注目された8月のインフレ指標の結果は?
図表2は、代表的な物価指標であるCPIとPPIの上昇率(前年同月比)について、2019年以降における総合指数とコア指数(エネルギーと食品を除く物価指数)の伸びを示したものです。
米労働統計局は13日に8月のCPIを、14日に同月のPPIを発表しました。
CPIの上昇率は6月に+9.1%と約40年ぶりの高水準に達した後、8月は+8.3%と7月(+8.5%)より減速しましたが、事前予想平均(+8.0%)を上回りました。また、コア指数の上昇率が6.3%と前月より拡大しました。
ガソリンなどエネルギー価格は下落した一方、住居費(帰属家賃)や賃上げが影響するサービス価格の上昇を警戒し、先物市場の政策金利見通しと債券市場金利が上昇しました。

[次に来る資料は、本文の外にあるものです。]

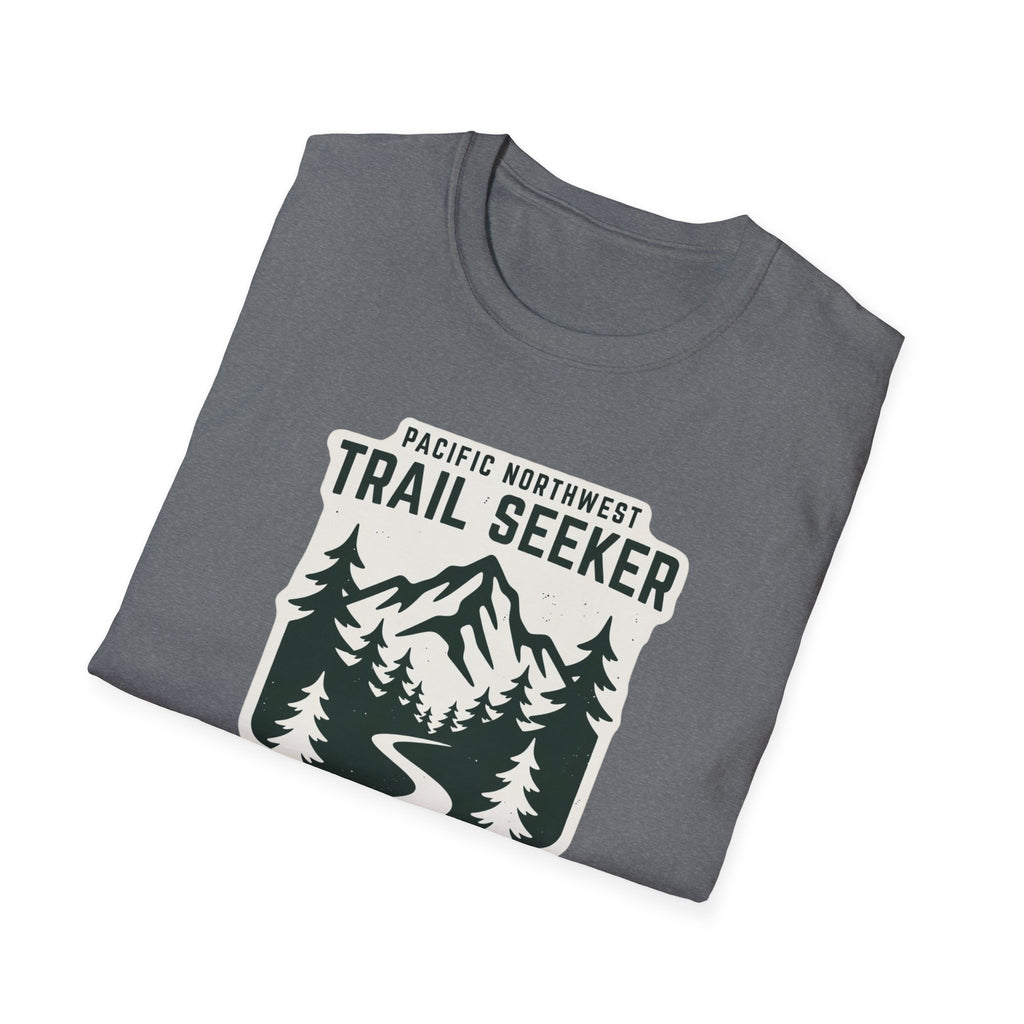 Trail Seeker Mountain Design T-Shirt | Pacific Northwest Hiking Shirt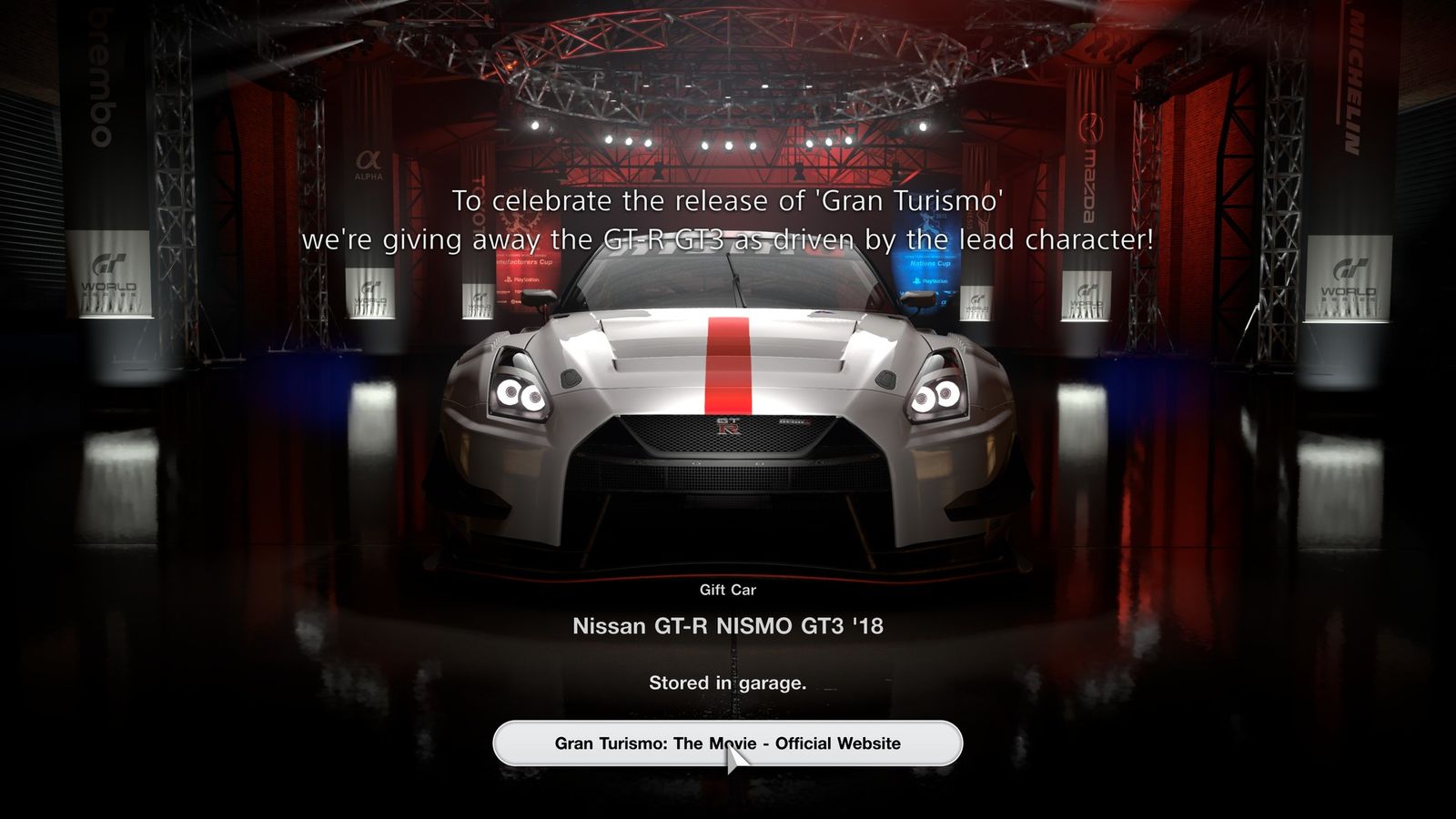 Gran Turismo 7 Nissan GT-R Nismo GT3 gift car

6月に経験した「CPIショック」とも呼ぶべき事象の再来とも言えます。
ただ、PPIの伸びが前月より減速したことは、総じて川上部門における物価上昇率縮小を示しており、大勢としてインフレ圧力は来年に向けて徐々に和らいでいくと思われます。
<図表2>消費者物価と生産者物価の伸び率をチェック
実際、NY連邦準備銀行が9月12日に発表した最新の「消費者調査」では、「インフレ期待」が低下傾向にあることが明らかとなりました(図表3)。
同調査によると、「1年後のインフレ期待」は+5.75%に低下(7月は+6.22%)。「3年後のインフレ期待」は8月に+2.76%に低下(7月は3.18%)しました。
特に、「3年後のインフレ期待」は4カ月連続の低下となり、2021年9月(4.19%)と10月(4.21%)でピークアウトした後、本年1月以降は3%台、8月は2%台に和らいできたことに注目です。
上述した主要物価指標の伸び減速や消費者のインフレ期待の低下は、中期的な観点ではインフレ抑制を重視する金融当局には追い風となりそうです。
インフレ期待の落ち着きが続き、政策金利の軌道を巡る不透明感が和らげば、今週上昇した2年債金利(3.7%台)や10年債金利(3.4%台)の安定化につながるとみられます。